_Data listing_.
------------------------------------------------------------
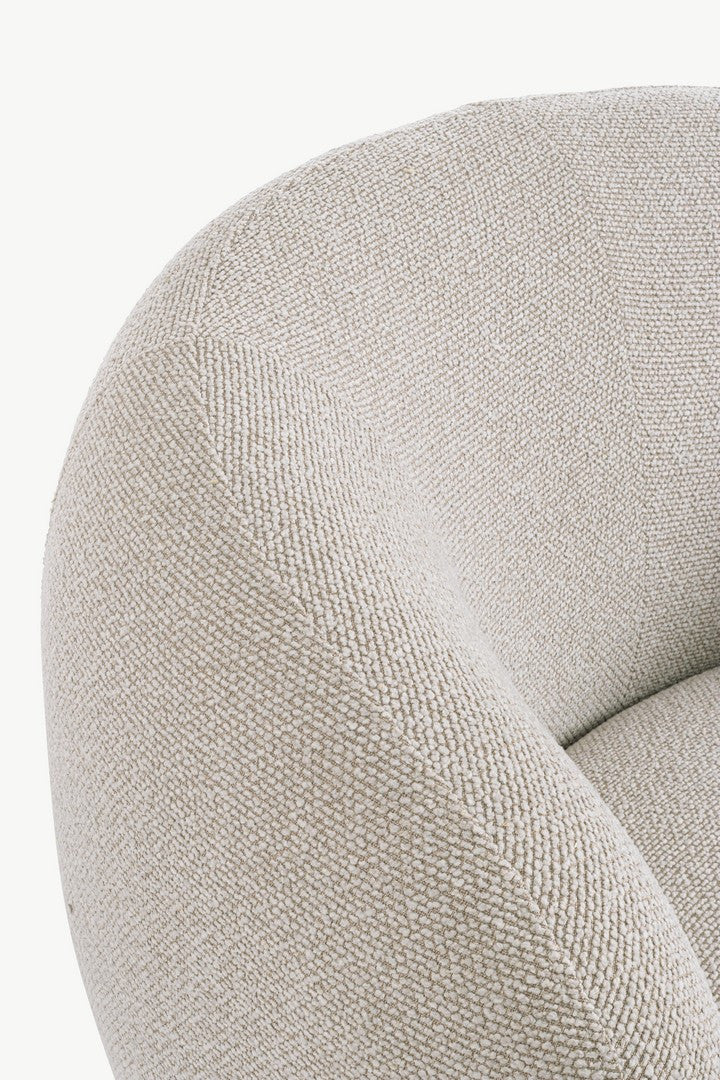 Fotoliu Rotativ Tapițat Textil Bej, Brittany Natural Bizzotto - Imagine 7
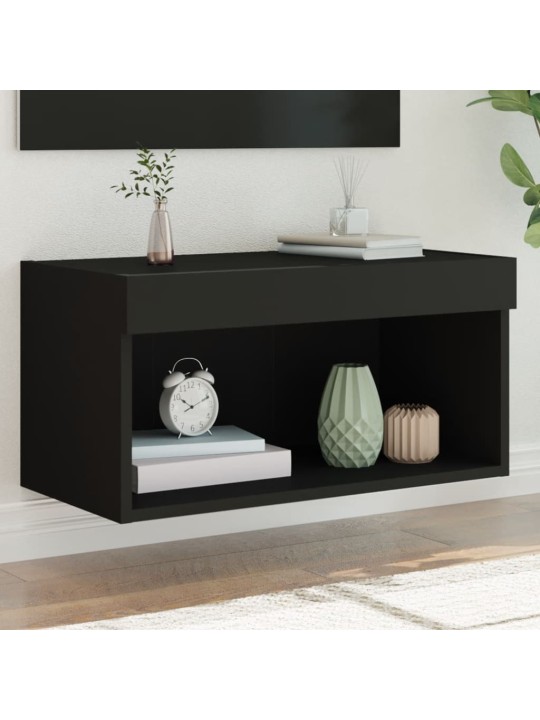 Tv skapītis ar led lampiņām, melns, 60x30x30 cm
------------------------------------------------------------
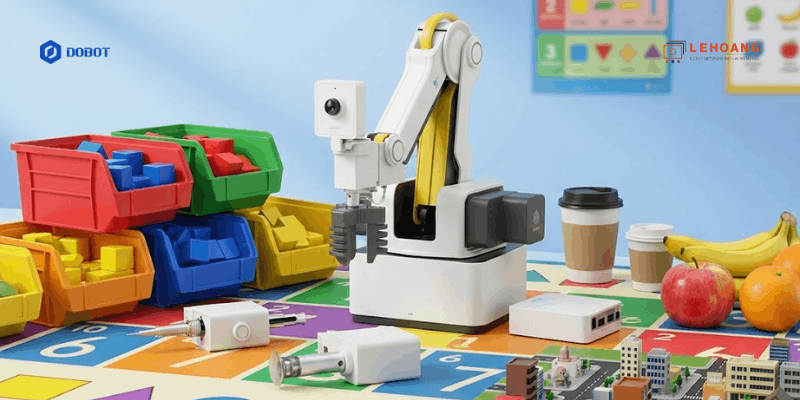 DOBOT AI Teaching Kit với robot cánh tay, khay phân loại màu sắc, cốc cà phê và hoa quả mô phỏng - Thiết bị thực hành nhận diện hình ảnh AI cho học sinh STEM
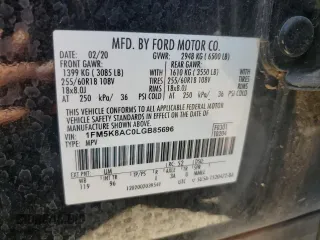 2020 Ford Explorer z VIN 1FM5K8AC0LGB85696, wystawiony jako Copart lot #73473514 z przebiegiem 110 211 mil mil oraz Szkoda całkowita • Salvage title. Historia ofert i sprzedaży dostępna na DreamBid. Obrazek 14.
------------------------------------------------------------
Return the stretch of data that begins with the line showing "Fotoliu Rotativ Tapițat" and goes on through the line showing "Tv skapītis ar", exactly, with pictures removed.

 Fotoliu Rotativ Tapițat Textil Bej, Brittany Natural Bizzotto - Imagine 7
 Tv skapītis ar led lampiņām, melns, 60x30x30 cm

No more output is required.